Unvergesslich ist für mich das Zitat meines Deutschlehrers: Du musst selber brennen, wenn du andere anzünden möchtest. Er legte viel Wert auf das freie Reden, dass wir uns zu präsentieren und verschiedene Standpunkte zu vertreten lernen. Das gilt für mich bis heute: nicht andere belehren, sondern mitreißen. Ich kann andere mit meiner Faszination für Sprache anstecken, das brachte mich zum Lehramts- und weiter zum Doktoratsstudium.

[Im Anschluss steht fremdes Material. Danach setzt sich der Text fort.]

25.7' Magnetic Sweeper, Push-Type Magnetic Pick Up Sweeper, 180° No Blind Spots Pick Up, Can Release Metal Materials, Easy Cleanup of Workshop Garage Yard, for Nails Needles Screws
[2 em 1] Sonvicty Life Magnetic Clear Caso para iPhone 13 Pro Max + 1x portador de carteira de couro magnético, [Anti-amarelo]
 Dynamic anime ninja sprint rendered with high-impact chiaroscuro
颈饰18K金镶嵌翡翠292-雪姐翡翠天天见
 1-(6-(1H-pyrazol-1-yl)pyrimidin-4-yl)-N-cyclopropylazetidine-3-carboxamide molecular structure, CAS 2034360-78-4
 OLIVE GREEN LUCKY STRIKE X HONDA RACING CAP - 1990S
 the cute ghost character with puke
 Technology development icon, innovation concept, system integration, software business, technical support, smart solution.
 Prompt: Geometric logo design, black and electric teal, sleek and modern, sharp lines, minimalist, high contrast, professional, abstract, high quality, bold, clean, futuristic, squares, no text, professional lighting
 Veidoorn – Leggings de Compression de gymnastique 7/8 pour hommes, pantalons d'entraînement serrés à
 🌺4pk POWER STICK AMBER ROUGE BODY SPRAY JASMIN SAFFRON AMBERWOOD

Worin besteht diese Faszination?
Es ist vergleichbar mit einem Körperbewusstsein, das man entwickelt, wenn man einer Sportart nachgeht. Bei mir ist eine Sprachbewusstheit da, die ich als sehr schön erlebe. Ich kann nicht nicht hören, woher eine Person kommt, der ich begegne; dabei interessiert mich weniger, welche Sprachen die Person spricht, sondern vielmehr, was sie mit ihren Sprachen verbindet, wie ihr Spracherleben ist.
Wieso der Name „mundART“?
Mundart ist ein Synonym für Dialekt, aber das beschreibt das sprachliche Variationsspektrum längst nicht. Deswegen hat dieses Wortspiel weitere Komponenten: ART steht im Deutschen für die Art und Weise des persönlichen, individuellen Sprechstils. Ich spreche „mundART“ aber bewusst englisch aus, weil ART auch für die Kunst steht. Wie wir uns auf dem Variationsspektrum der Sprache bewegen, wie wir uns Kontexten anpassen, ist auch etwas Künstlerisches.
Mein Ausgangspunkt ist der Mensch, die Interviewpartner*innen das Herzstück der Geschichte; ich überlege mir bei jedem individuell, welche wissenschaftlichen Begriffe ich reinnehme, welche Studien dazupassen. Die Wissenschaft ist interessiert an Daten, Fakten, Begrifflichkeiten. Mit „mundART“ suche ich die Schnittmenge zwischen den beiden.